Anger was never known to be a good trait, and recently a study into how anger during negotiations can have different outcomes has revealed that people of different cutlures react differently to heated conversations.
The study has claimed that cultural reactions to anger expression can affect negotiation outcomes.
Hajo Adam, of INSEAD in France, coauthored the new study with William Maddux of INSEAD and Aiwa Shirako of the University of California - Berkeley.
Adam noticed differences in emotions at the institute where he works.
"INSEAD is very diverse, with people from all over the world. I noticed that sometimes people get angry, and you see that people react differently to that. I was wondering whether a lot of those different reactions might be explained by cultural backgrounds," he said.
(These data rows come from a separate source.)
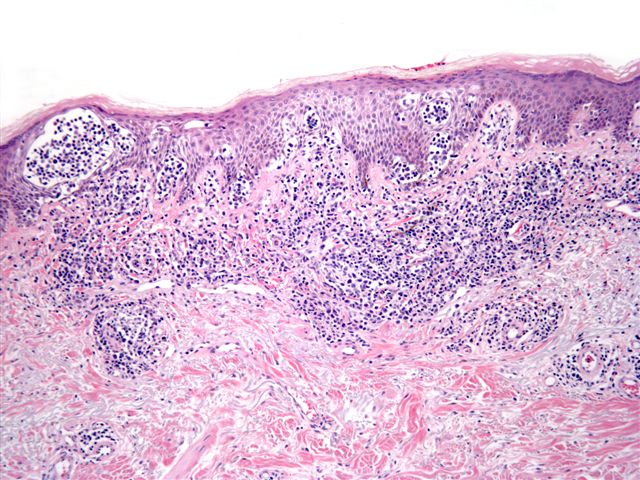 Mycosis Fungoides and Sézary Syndrome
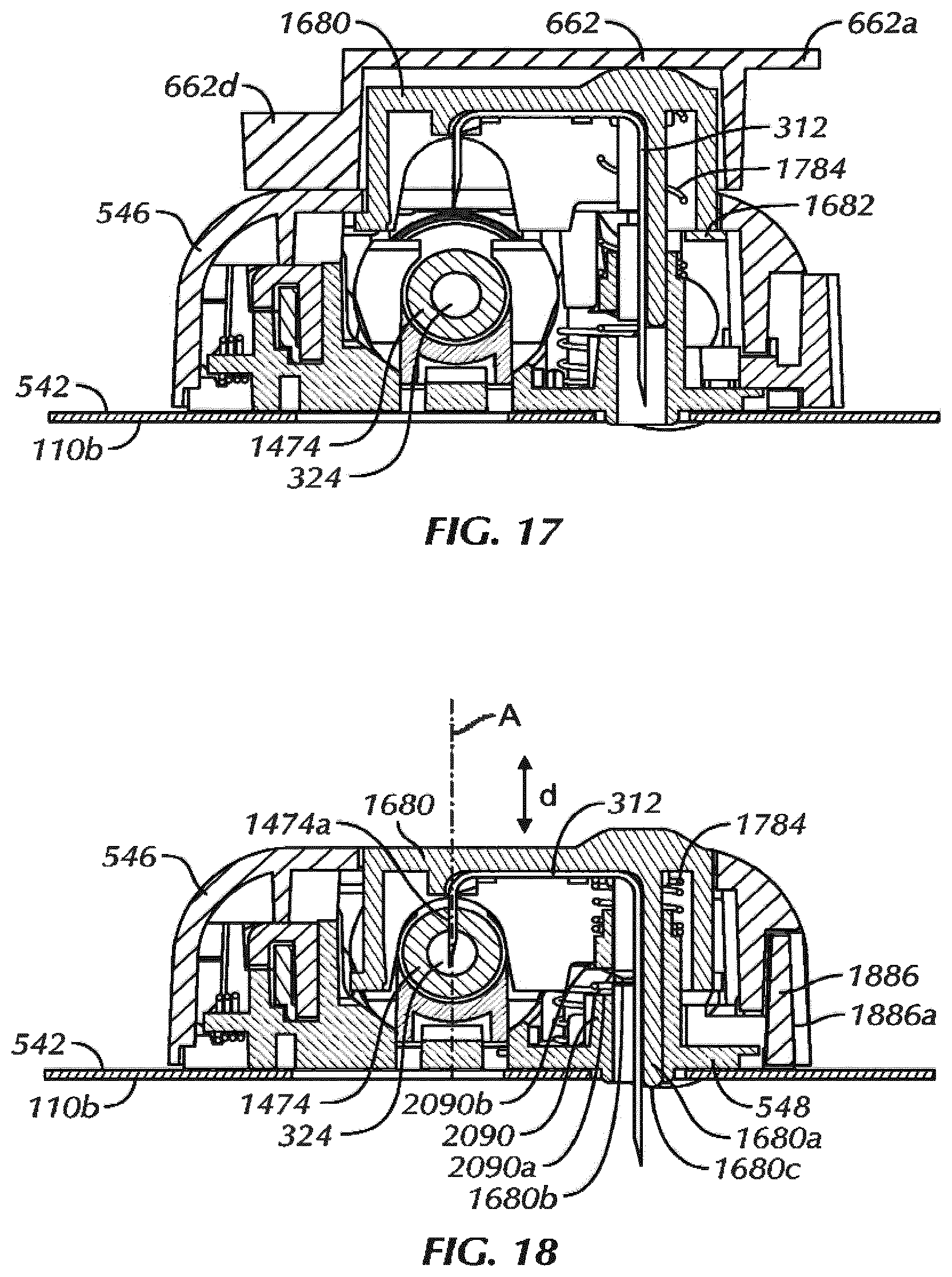 Patent US12576093 Figure 16 – Pharmaceutical composition for subcutaneous administration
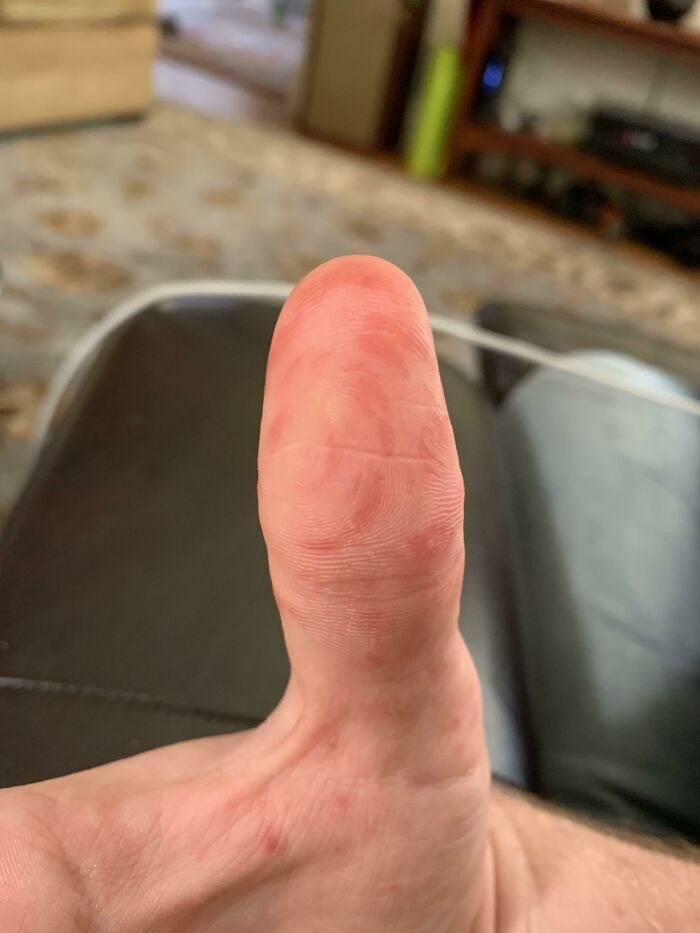 "Came Down With Hand, Foot, And Mouth Disease. The Rashes On My Fingers Follow My Fingerprints"
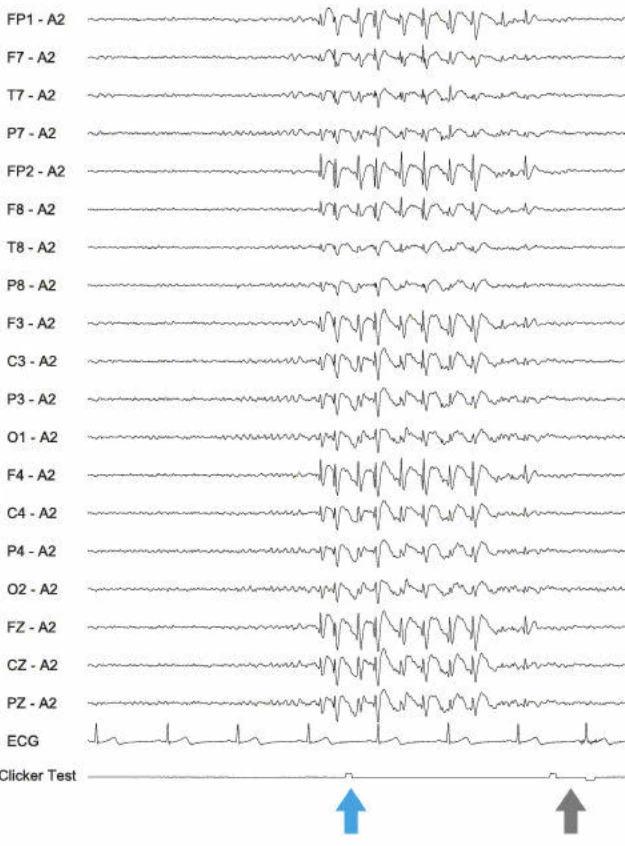 اسپایک-ویوها، ژنرالیزه؛ تشنج دیالپتیک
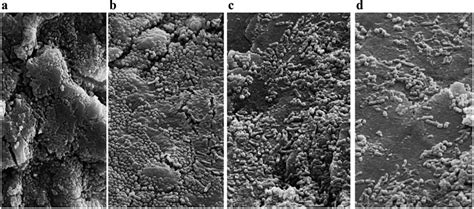 Scanning electron micrograph (3000× magnification) of Streptococcus... | Download Scientific Diagram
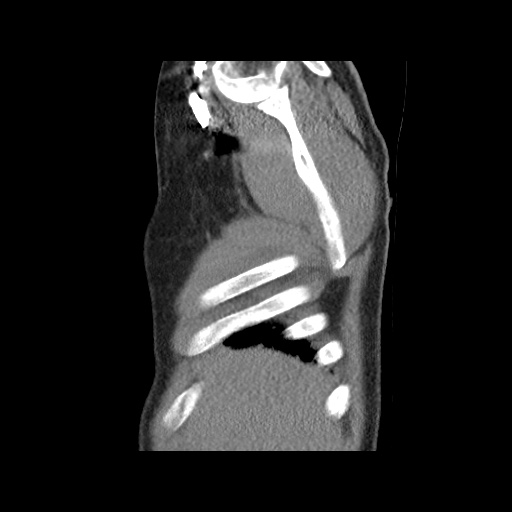 Acute epicardial fat necrosis (Radiopaedia 42327-45440 Sagittal C+ CTPA 10).jpg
In the experiment, he used volunteers at the University of California - Berkeley.
Half were Americans of European ethnicity and half were Asian or Asian American. Each student took part in a negotiation on a computer.
It was found that European Americans made larger concessions to an angry opponent than to a non-emotional opponent.
Asians and Asian Americans, however, made smaller concessions if their opponent was angry rather than non-emotional.
A subsequent experiment suggested that this might happen because of cultural norms about whether it's appropriate to get mad.
This experiment started with telling the participants whether or not expressing anger was acceptable during the study.
Asians and Asian Americans made greater concessions to an angry opponent if they were told that expressing anger was acceptable, and European Americans were less likely to make concessions if they were told that anger was unacceptable.
When anger expressions are perceived as inappropriate, "People tend to react negatively. They no longer want to concede," said Adam.
"They may even want to shut down and potentially penalize the counterpart for acting inappropriately.
"I think what's important is that one person expressing emotions really affects another person's feelings, thoughts, and behaviour. And these reactions to emotional displays can critically depend on a person's cultural background," he added.
The research is published in Psychological Science, a journal of the Association for Psychological Science.